O arada birkaç işi birlikte çözüyor. İyi kötü bir izleyici kitlesi olan muhalif TV’lerden TELE1’in kurucusu Merdan Yanardağ’ı da aynı absürt casusluk iddiasıyla gözaltına alıp akşamına kanala kayyım atayabiliyor. İstanbul Sulh Ceza Hakimliği kararıyla devredilen Tasarruf Mevduatı Sigorta Fonu buraya da diğer medya kuruluşlarında olduğu gibi Yeni Şafak yazarı İbrahim Paşalı’yı kayyım olarak atıyor. O da göreve başlar başlamaz ilk icraat olarak halka “penguen” izletmekle yetinmeyip YouTube’deki videoları kaldırıyor yani tarihsel bir hafızayı silerek esas derdin ne olduğunu açıkça ilan etmiş oluyor.
Gazetecilere ya da devrimci sosyalistlere ardı ardına verilen cezalar, Kürtçe halay çektikleri videoyu dijital medya hesaplarından paylaşan liselileri derste gözaltına alıp birini tutuklamalar, yeni yargı paketiyle LGBTİ+’ları bir kez daha hedef haline getirmeler, kapatılan hesaplar-web sayfaları…
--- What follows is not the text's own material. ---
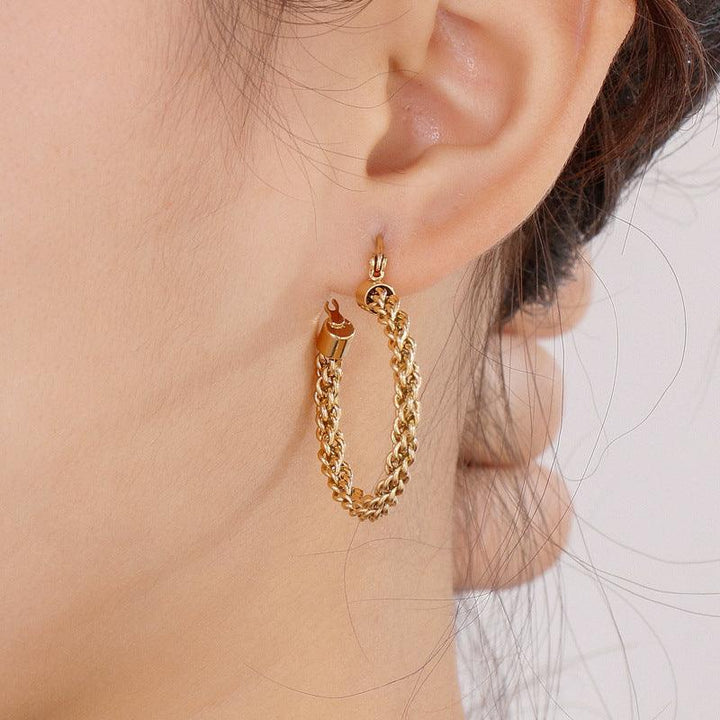 Stainless Steel Twist Circle Hoop Earrings - kalen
Her açıdan dozu daha da yükselen bir baskı ve zorbalık siyasetiyle karşı karşıyayız. Kendi içinde yeni eşikler, sıçramalar yapan ve her sıçramada daha yükseği için hazırlığa girişen bir yönetim biçimi bu. Esneme beklemek, demokratikleşme adımları ummak kadar naif bir şeyin olmayacağı bir biçim. Her açıdan daha kötüsüne hazırlıklı olmayı ve bu hazırlığın da CHP’nin doldur boşalt mitingleriyle değil gerçek bir kitle seferberliği ve hareketiyle olacağını hatırlatıyor.